Why honor confidentiality?



Why honor confidentiality?


Objectives


The reader should be able to:



• Define the terms confidentiality and confidential information.


• Identify the relationship of a patient’s legal right to privacy with his or her reasonable expectations regarding confidential information.


• Describe the concept of “need to know” as it relates to maintaining confidentiality.


• Discuss the ethical norms involved in keeping and breaking professional confidences.


• Name five general legal exceptions to the professional standard of practice that confidences should not be broken.


• Consider practical options that a professional can take when faced with the possibility of breaking a confidence.


• Discuss some important aspects of documentation that affect confidentiality.


• Compare ethical issues of confidentiality traditionally conceived with those that have arisen because of computerized medical records and patient care information systems.


• Describe the key ethical strengths and challenges of the recent US federal regulations related to privacy considerations (Health Insurance Portability and Accountability Act of 1996).

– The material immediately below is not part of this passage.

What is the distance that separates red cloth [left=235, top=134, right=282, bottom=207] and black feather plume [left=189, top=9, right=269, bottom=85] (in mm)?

New terms and ideas you will encounter in this chapter


trust


confidentiality


confidential information


right to privacy


need to know


patient care information systems (PCIS)


health information managers


the medical record


Health Insurance Portability and Accountability Act of 1996 (HIPAA)


protected health information


Health Information Technology for Economic and Clinical Health Act of 2009 (HITECH Act)


health record databases


panel of laboratory tests



Introduction


In this chapter and the next several chapters, you will have an opportunity to think about specific ways in which patients learn to put their trust in you. You already have met some patients through the stories that have been presented to help focus your thinking. The idea of confidentiality in health care has ancient roots as a basic building block of trust between health professionals and patients. For instance, the Hippocratic Oath, written in the fourth century BC, says,



And so confidentiality is a splendid place to begin this focus on basic components of trust building. The story of Twyla Roberts, an occupational therapist, and Mary Louis, a patient, helps set the stage for reflection on confidentiality.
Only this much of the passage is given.